WHAT THE EXERCISE ASKS: Quote, word for word, only the lines running from the line with "Chaqueta Vintage Ranch" through the end of the listing. Leave out the pictures.

BEGIN DATA BLOCK

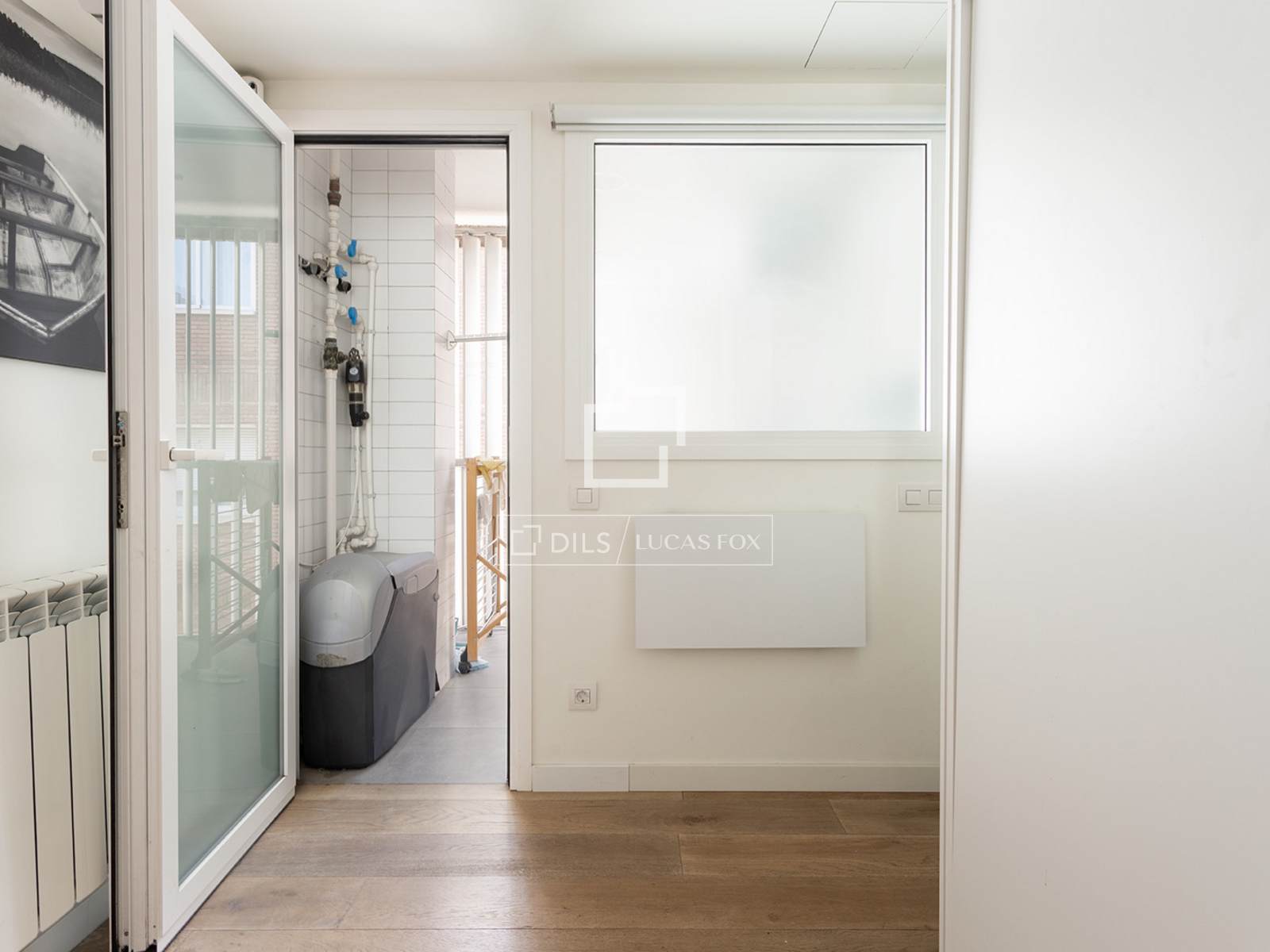 4 Bedrooms Apartment in Raset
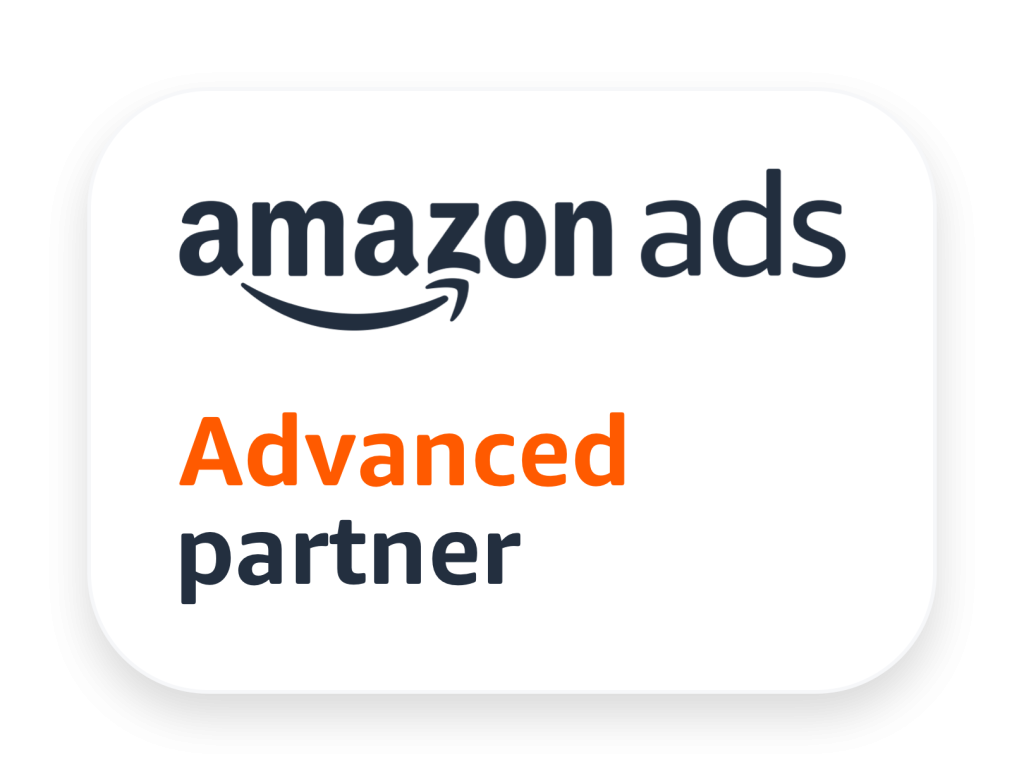 Amazon Advanced Partner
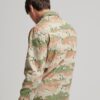 Chaqueta Vintage Ranch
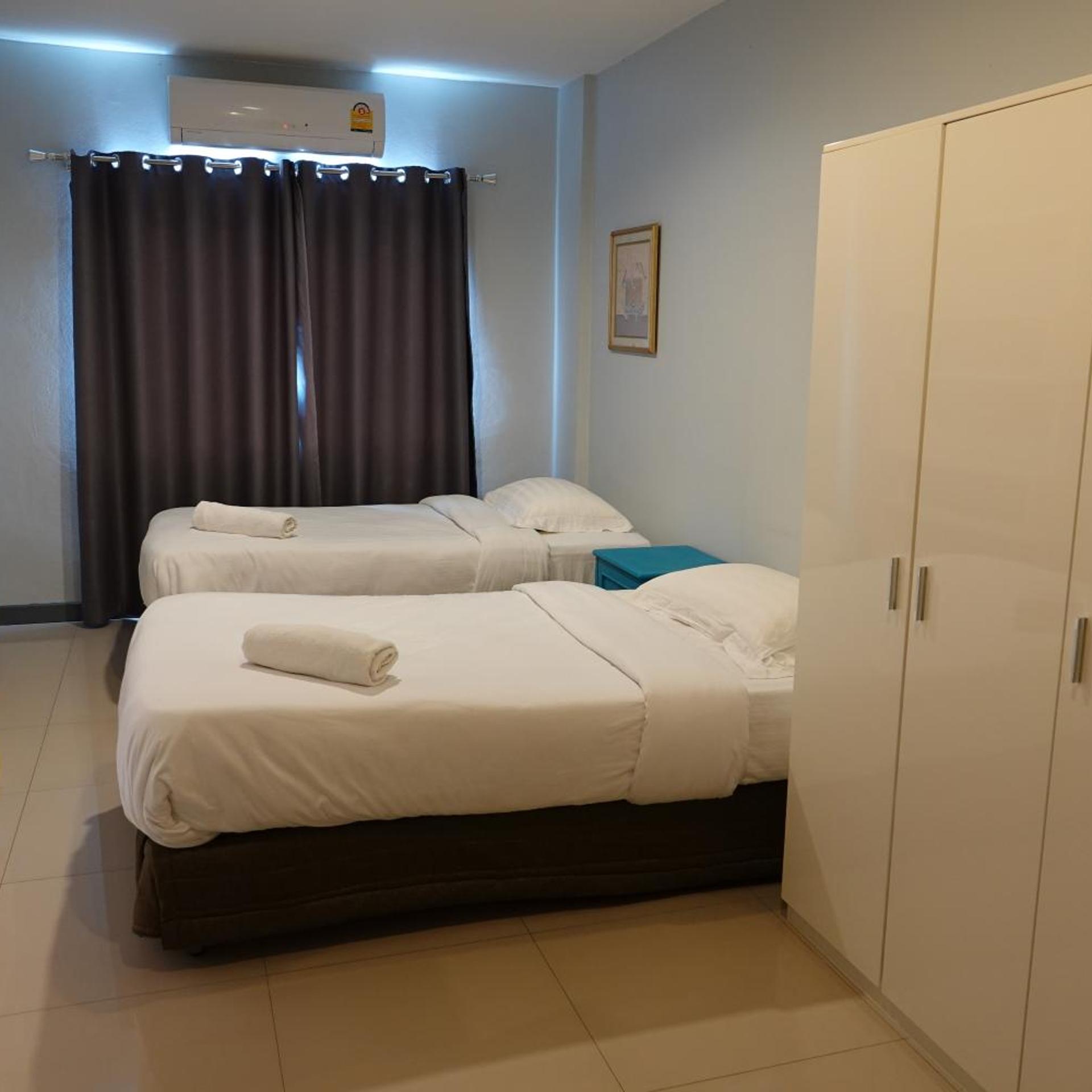 I-Beyond Residence 24/60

END DATA BLOCK

ANSWER TO THIS EXERCISE:
 Chaqueta Vintage Ranch
 I-Beyond Residence 24/60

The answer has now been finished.